83. The integrated circuit of claim 72, wherein: the trained neural network is trained, using training datasets containing time series data including discharge and temperature data during continuous usage of different commercially available Li-Ion batteries, for monitoring state of health (SOH) of Lithium Ion batteries to use in battery management systems (BMS), the neural network topology includes an input layer with 18 neurons, a simple recurrent layer with 100 neurons, and a dense layer with 1 neuron, and the equivalent analog network includes: (i) a maximum of 100 input and output connections per analog neuron, (ii) a signal limit of 5, (iii) 4 layers, (iv) between 200 and 300 analog neurons, and (v) between 2,200 and 2,400 connections.
84. The integrated circuit of claim 72, wherein: the trained neural network is trained, using training datasets containing speech commands, for identifying voice commands, the neural network topology is a Depthwise Separable Convolutional Neural Network (DS-CNN) layer with 1 neuron, and the equivalent analog network includes: (i) a maximum of 100 input and output connections per analog neuron, (ii) a signal limit of 5, (iii) 13 layers, (iv) approximately 72,000 analog neurons, and (v) approximately 2.6 million connections.

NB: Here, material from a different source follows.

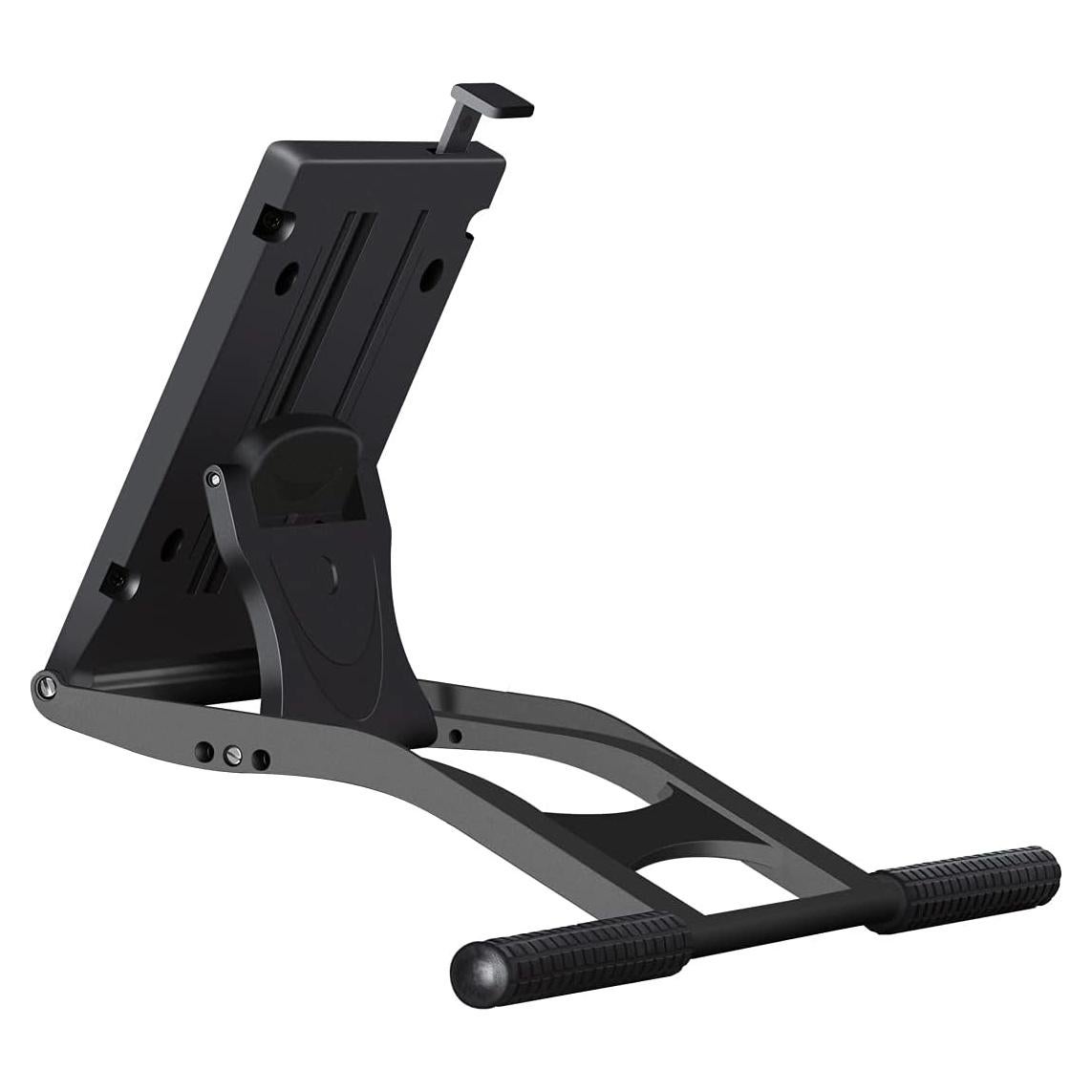 Soporte Ajustable para Tabletas de Dibujo HUION ST100A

85. The integrated circuit of claim 72, wherein: the trained neural network is trained, using training datasets containing photoplethysmography (PPG) data, accelerometer data, temperature data, and electrodermal response signal data for different individuals performing various physical activities for a predetermined period of times and reference heart rate data obtained from ECG sensor, for determining pulse rate during physical exercises based on PPG sensor data and 3-axis accelerometer data, the neural network topology includes two ConvlD layers each with 16 filters and a kernel of 20, performing time series convolution, two LSTM layers each with 16 neurons, and two dense layers with 16 neurons and 1 neuron, respectively, and the equivalent analog network includes: (i) delay blocks to produce any number of time steps, (ii) a maximum of 100 input and output connections per analog neuron, (iii) a signal limit of 5, (iv) 16 layers, (v) between 700 and 800 analog neurons, and (vi) between 12,000 and 12,500 connections.
86. The integrated circuit of claim 72, wherein: the trained neural network is trained to classify different objects based on pulsed Doppler radar signal, and the neural network topology includes multi-scale LSTM neural network.

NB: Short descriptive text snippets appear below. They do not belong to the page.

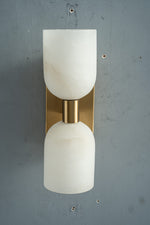 yiosi-sfera-mb9192-084-020.jpg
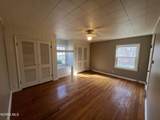905 Corwin Street - Photo 30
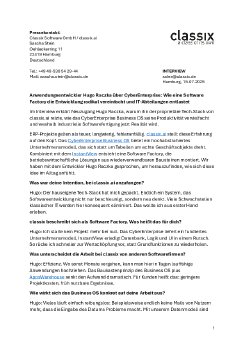 Interview Hugo Raczka CyberEnterprise DE.pdf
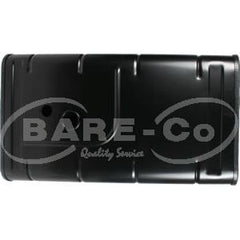 Bare-Co - FUEL TNK=MF178,185,188.800mmLG | B 1562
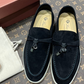 Summer Charms Walk Loafer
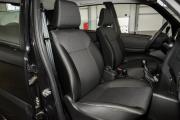 Lada (ВАЗ) Niva I Рестайлинг (Travel) Ульяновск  - изображение 22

87. The integrated circuit of claim 72, wherein: the trained neural network is trained to perform human activity type recognition, the neural network topology includes three channel-wise convolutional networks each with a convolutional layer of 12 filters and a kernel dimension of 64, and each followed by a max pooling layer, and two common dense layers of 1024 neurons and N neurons, respectively, where N is a number of classes, and the equivalent analog network includes: (i) delay blocks to produce any number of time steps, (ii) a maximum of 100 input and output connections per analog neuron, (iii) an output layer of 10 analog neurons, (iv) signal limit of 5, (v) 10 layers, (vi) between 1,200 and 1,300 analog neurons, and (vi) between 20,000 and 21,000 connections.

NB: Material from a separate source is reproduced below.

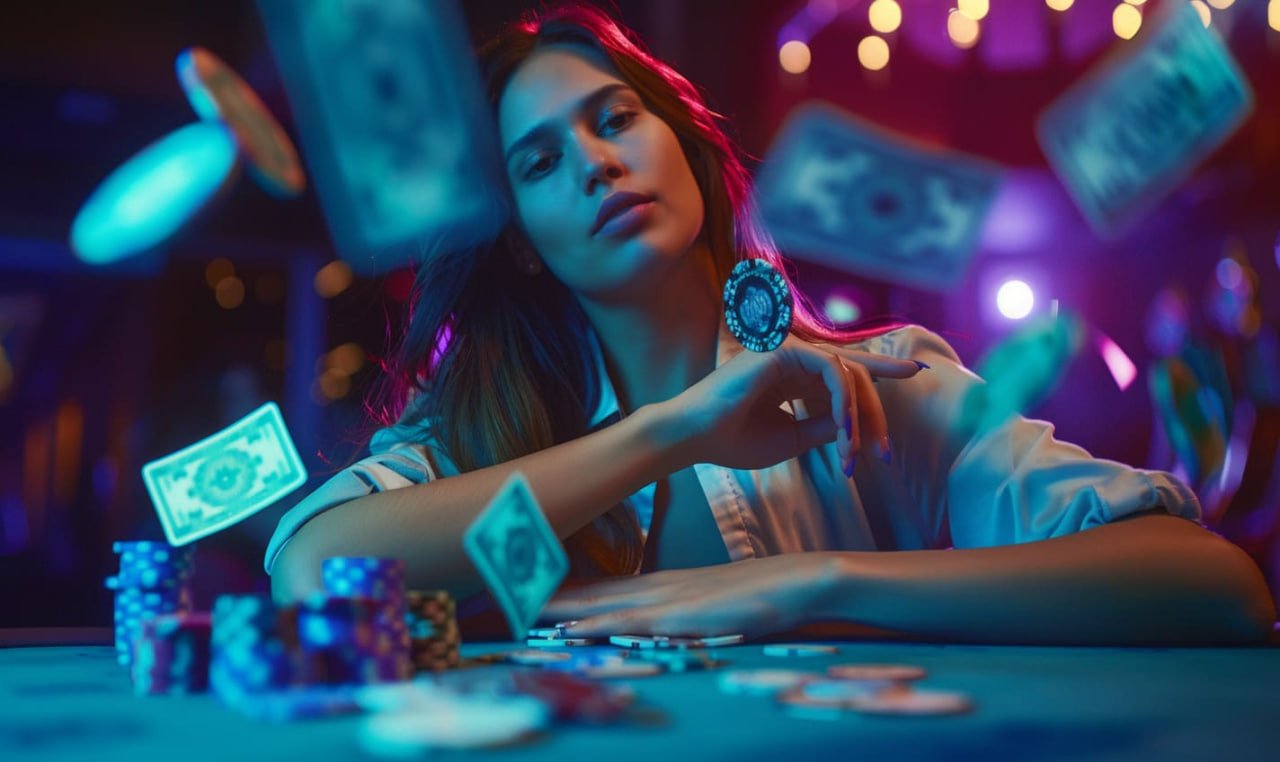 বাংলাদেশি ব্যবহারকারীর জন্য vip casino হোম দৃশ্য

88. The integrated circuit of claim 72, wherein the trained neural network is further trained to detect abnormal patterns of human activity based on accelerometer data that is merged with heart rate data using a convolution operation.
89. A system for hardware realization of neural networks, comprising: one or more processors; memory; wherein the memory stores one or more programs configured for execution by the one or more processors, and the one or more programs comprising instructions for: obtaining a neural network topology and weights of a trained neural network; transforming the neural network topology to an equivalent analog network of analog components including a plurality of operational amplifiers and a plurality of resistors, wherein each operational amplifier represents a respective analog neuron, and each resistor represents a respective connection between a respective first analog neuron and a respective second analog neuron; computing a weight matrix for the equivalent analog network based on the weights of the trained neural network, wherein each element of the weight matrix represents a respective connection; generating a resistance matrix for the weight matrix, wherein each element of the resistance matrix corresponds to a respective weight of the weight matrix; generating one or more lithographic masks for fabricating a circuit implementing the equivalent analog network of analog components based on the resistance matrix; and fabricating the circuit based on the one or more lithographic masks using a lithographic process.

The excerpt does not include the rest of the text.